Exercise details: Please give back word for word the lines below, from the first one through the one with "Coquette Skull - Vintage Style Baby Tee".

(Brief descriptive captions)

******************************

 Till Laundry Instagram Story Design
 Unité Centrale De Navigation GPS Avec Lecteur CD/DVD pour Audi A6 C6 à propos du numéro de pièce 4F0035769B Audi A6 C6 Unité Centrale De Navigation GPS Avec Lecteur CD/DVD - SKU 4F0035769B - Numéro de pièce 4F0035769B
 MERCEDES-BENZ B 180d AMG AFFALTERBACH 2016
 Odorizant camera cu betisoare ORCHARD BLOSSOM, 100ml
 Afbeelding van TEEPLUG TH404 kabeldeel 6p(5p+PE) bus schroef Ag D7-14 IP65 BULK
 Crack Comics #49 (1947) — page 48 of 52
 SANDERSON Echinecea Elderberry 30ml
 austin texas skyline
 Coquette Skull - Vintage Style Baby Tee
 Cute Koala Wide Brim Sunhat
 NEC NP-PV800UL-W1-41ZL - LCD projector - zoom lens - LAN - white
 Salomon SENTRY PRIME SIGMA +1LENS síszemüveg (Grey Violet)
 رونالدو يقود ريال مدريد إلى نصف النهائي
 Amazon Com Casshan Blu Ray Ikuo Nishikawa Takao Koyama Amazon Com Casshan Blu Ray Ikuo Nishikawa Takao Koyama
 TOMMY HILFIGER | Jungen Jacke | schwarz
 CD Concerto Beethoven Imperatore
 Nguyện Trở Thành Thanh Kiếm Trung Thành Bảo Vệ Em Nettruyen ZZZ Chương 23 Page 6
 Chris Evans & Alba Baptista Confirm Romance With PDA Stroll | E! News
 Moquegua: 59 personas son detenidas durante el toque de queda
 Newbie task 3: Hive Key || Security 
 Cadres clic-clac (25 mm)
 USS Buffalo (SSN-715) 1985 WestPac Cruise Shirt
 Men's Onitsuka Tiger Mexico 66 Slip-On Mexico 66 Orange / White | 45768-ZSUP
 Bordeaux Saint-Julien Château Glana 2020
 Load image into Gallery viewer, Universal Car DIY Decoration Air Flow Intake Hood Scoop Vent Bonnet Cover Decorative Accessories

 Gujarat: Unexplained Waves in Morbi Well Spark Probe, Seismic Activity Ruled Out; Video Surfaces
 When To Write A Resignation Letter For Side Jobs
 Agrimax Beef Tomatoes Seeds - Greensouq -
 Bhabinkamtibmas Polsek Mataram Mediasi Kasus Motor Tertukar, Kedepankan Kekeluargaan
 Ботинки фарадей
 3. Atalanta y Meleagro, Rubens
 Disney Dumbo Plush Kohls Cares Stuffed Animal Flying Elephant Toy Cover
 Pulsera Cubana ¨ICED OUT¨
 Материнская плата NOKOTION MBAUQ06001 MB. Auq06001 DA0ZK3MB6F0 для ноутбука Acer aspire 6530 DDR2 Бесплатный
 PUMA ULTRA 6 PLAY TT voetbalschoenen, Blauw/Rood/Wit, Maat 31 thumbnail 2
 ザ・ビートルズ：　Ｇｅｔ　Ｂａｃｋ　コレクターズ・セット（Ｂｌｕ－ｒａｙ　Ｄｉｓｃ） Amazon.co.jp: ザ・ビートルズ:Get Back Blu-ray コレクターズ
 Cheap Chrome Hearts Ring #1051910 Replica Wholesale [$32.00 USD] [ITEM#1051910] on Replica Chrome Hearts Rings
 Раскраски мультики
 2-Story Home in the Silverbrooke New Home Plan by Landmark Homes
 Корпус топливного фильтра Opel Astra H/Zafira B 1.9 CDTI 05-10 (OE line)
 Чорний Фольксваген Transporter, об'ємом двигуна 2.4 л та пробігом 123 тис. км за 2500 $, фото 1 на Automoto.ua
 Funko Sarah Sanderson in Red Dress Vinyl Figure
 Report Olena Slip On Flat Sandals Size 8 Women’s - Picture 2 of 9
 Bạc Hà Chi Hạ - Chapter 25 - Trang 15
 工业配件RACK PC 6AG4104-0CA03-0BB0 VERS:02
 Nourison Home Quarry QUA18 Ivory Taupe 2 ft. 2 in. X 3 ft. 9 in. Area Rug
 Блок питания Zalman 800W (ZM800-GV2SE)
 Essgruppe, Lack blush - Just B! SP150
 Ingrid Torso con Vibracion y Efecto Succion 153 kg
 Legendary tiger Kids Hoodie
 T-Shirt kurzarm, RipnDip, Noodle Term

******************************

Exercise response:
 Till Laundry Instagram Story Design
 Unité Centrale De Navigation GPS Avec Lecteur CD/DVD pour Audi A6 C6 à propos du numéro de pièce 4F0035769B Audi A6 C6 Unité Centrale De Navigation GPS Avec Lecteur CD/DVD - SKU 4F0035769B - Numéro de pièce 4F0035769B
 MERCEDES-BENZ B 180d AMG AFFALTERBACH 2016
 Odorizant camera cu betisoare ORCHARD BLOSSOM, 100ml
 Afbeelding van TEEPLUG TH404 kabeldeel 6p(5p+PE) bus schroef Ag D7-14 IP65 BULK
 Crack Comics #49 (1947) — page 48 of 52
 SANDERSON Echinecea Elderberry 30ml
 austin texas skyline
 Coquette Skull - Vintage Style Baby Tee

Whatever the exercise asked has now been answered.